## [Work to complete]
Every line from the line containing "Camisa lavada com" through the final line below is to be repeated exactly; no other line is.

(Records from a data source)
[Start of section]

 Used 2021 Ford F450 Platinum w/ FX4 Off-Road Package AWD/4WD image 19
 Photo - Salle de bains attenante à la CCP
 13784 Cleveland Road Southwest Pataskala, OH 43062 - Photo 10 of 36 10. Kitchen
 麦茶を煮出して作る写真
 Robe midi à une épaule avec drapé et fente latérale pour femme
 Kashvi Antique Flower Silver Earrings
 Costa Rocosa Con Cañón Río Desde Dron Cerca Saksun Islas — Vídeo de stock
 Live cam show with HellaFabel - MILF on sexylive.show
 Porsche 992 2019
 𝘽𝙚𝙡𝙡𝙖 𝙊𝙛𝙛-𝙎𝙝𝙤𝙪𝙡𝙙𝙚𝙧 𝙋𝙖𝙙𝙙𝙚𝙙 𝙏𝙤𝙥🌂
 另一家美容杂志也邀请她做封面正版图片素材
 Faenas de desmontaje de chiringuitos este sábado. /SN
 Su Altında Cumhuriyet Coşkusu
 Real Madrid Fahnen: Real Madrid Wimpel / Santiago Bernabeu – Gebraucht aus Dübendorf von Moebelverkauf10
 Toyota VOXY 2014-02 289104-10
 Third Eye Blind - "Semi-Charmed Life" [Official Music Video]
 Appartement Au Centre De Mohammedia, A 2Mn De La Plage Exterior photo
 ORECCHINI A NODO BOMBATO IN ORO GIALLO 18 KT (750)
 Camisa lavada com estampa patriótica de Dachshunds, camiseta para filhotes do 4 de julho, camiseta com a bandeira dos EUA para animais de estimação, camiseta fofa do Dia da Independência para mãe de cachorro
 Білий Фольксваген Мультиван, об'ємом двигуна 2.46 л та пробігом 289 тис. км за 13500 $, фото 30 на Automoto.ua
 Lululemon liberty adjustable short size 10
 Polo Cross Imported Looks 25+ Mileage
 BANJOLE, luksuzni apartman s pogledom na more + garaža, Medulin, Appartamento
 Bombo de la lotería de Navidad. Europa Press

[End of section]

## [Answer space]
 Camisa lavada com estampa patriótica de Dachshunds, camiseta para filhotes do 4 de julho, camiseta com a bandeira dos EUA para animais de estimação, camiseta fofa do Dia da Independência para mãe de cachorro
 Білий Фольксваген Мультиван, об'ємом двигуна 2.46 л та пробігом 289 тис. км за 13500 $, фото 30 на Automoto.ua
 Lululemon liberty adjustable short size 10
 Polo Cross Imported Looks 25+ Mileage
 BANJOLE, luksuzni apartman s pogledom na more + garaža, Medulin, Appartamento
 Bombo de la lotería de Navidad. Europa Press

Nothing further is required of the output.